Dat de kinderen sinds de uithuisplaatsing een positieve ontwikkeling doormaken doet er niet aan af dat de gronden waarop de machtiging tot uithuisplaatsing destijds is verleend, naar het oordeel van het hof nog steeds bestaan. De problematiek van [de minderjarige1] en
[de minderjarige2] in de thuissituatie lijkt moeilijk los te kunnen worden gezien van het volgende.
Bij de moeder is in lichte mate sprake is van een autismespectrumstoornis, er zijn trekken van een borderlinepersoonlijkheidsstoornis, een licht verstandelijke beperking en zij is onveilig gehecht. De moeder ontwikkelde, mede als gevolg van haar persoonlijke en psychiatrische problematiek, PCF (Pedriatic Condition Falsification), een nagebootste stoornis opgelegd aan een ander, zo volgt uit het rapport. Ook bij de vader is sprake van PCF, nu hij de moeder volgt in haar observaties als het gaat om (vermeende) klachten bij de kinderen en het uitvergroten van die klachten, aldus het rapport.
[de minderjarige2] volgt speltherapie waarin hij langzaam begint te praten over de thuissituatie. Bij [de minderjarige1] , die ook speltherapie volgt, is in de afgelopen periode een dermate toename van spanning gezien, dat de omgangsregeling met de ouders moest worden verminderd in frequentie. Hoewel hij blij is dat [de minderjarige2] niet meer ziek is, loopt hij zelf dagelijks vast in zijn gedachten over de ouders, boosheid en frustratie over het verleden. Dit belemmert zijn ontwikkeling en functioneren in het gezinshuis.
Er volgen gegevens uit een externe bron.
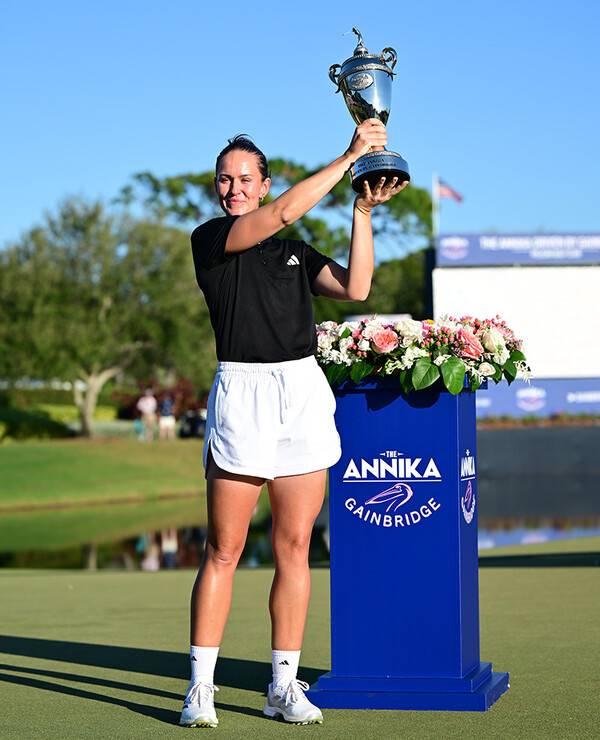 2025년 미국여자프로골프(LPGA) 투어 '안니카 드리븐 바이 게인브리지 앳 펠리컨' 우승을 차지한 린 그랜트(스웨덴)가 우승 트로피를 들고 기념 촬영하는 모습이다. 사진제공=LPGA, Getty (사진을 무단으로 사용하지 마십시오.)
Gelet op de problematiek van de ouders en de ernst van de beschadiging die de kinderen in de thuissituatie hebben opgelopen, is niet aannemelijk is dat de ontwikkelingsbedreigingen en onveiligheid in de thuissituatie zijn verdwenen. Het ontbreekt de ouders aan inzicht in en reflectie op hun handelen als opvoeder. Zij ontkennen dat zij problemen hebben gemedicaliseerd en leggen de oorzaak van alle problemen buiten zichzelf, zodat het moeilijk is om te werken aan verbetering. Afgezien van het medicaliseren werden de kinderen in de thuissituatie bovendien onvoldoende gestimuleerd en verwaarloosd.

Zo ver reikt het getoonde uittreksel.